Notifications are built into the OS. A network-based push notification service is not part of the OS. It is false to say that (a particular implementation of) network-based push notifications have to be "built into the OS' core to work properly."

[Vinnl]

Of course, but it's not, so it's cool that this project exists and probably relevant to people's interests here, which is why I shared it.

[jdiez17]

While I agree with you that Google is abusing its power in the Android ecosystem to "encourage" (to put it nicely) developers to use their APIs, it is actually possible to manage this imbalance between what Google wants and what we, as users, want.

Specifically with regards to notifications the main things I care about are instant messaging apps (WhatsApp, Telegram, Signal and Element) and email notifications.

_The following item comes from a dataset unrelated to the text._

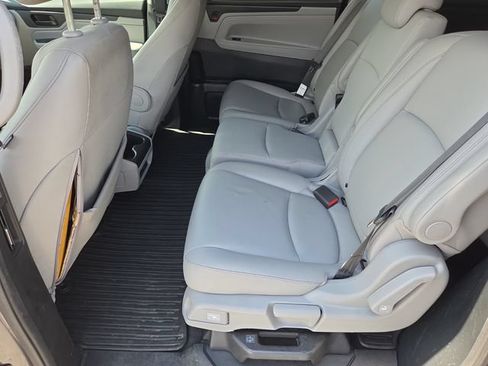 Used 2023 Honda Odyssey EX-L image 12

All of these apps fall back to either their own implementation of a persistent connection or use the OS' APIs for background job scheduling and polling. In my experience, having a handful of persistent background connections does not significantly impact battery life (<5%/charge). Also, modern Android has Doze[1] mode. Unless an app is granted a battery optimization exception, its scheduled tasks (polling) will run within a brief period every N minutes, where N depends on how long the device has been inactive. This is what I want in most cases. I personally only give IM apps a battery optimization exception. Notifications from other apps are usually less urgent/important.

However if you want the convenience of having a single connection for all your notification delivery, GrapheneOS[2] (an AOSP-based OS with many security and privacy improvements) has a compatibility layer for Google Play services[3] that allows it to be run with non-system privileges (i.e. the same as every app the user installs). That means you can choose exactly which permissions are granted to it. For example, you can revoke all permissions except Network[4]. This lets you use Google's FCM service without Google knowing anything about you except your IP address (and the contents of your notifications).

Using Google as the notifications middleman is an ugly crutch though[5], but this setup is solid. This is only necessary because they have convinced Android developers to use their APIs, but alternatives can and do exist. I think UnifiedPush[6] is going in the right direction, but they haven't gained much traction yet.

[1] https://source.android.com/devices/tech/power/platform_mgmt

[2] https://grapheneos.org

[3] https://grapheneos.org/usage#sandboxed-play-services

[4] https://grapheneos.org/features (ctrl-f Network permission toggle)

[5] similar to using Apple as the notifications middleman, although the incentives are slightly different

[6] https://unifiedpush.org/

[havkd]

> The Android OS is intentionally crippled to work only with Google Play push notifications, and there are no 'stock' ways to use an alternative without modifying the OS.

So modify the OS… it’s open.

[oblio]

Modify the OS, install it on your phone, hope that if you have an issue you still have support from the vendor or the carrier...

If it were that easy as an overall solution, non-OEM Android forks would be mainstream. They're not. I hardly know any people using non-OEM Android.

[josefx]

And distribute the modified OS to all your customers how exactly? You could probably sell your own android based phone as long as you find a single manufacturer that isn't part of Googles OpenHandset alliance or bound by the Play Store license to only sell Google approved Android. Alternatively you could limit yourself to India and China where Google cannot enforce these terms. There really isn't any point in pretending that Android is an open OS in the west. It is Googles proprietary stack or nothing.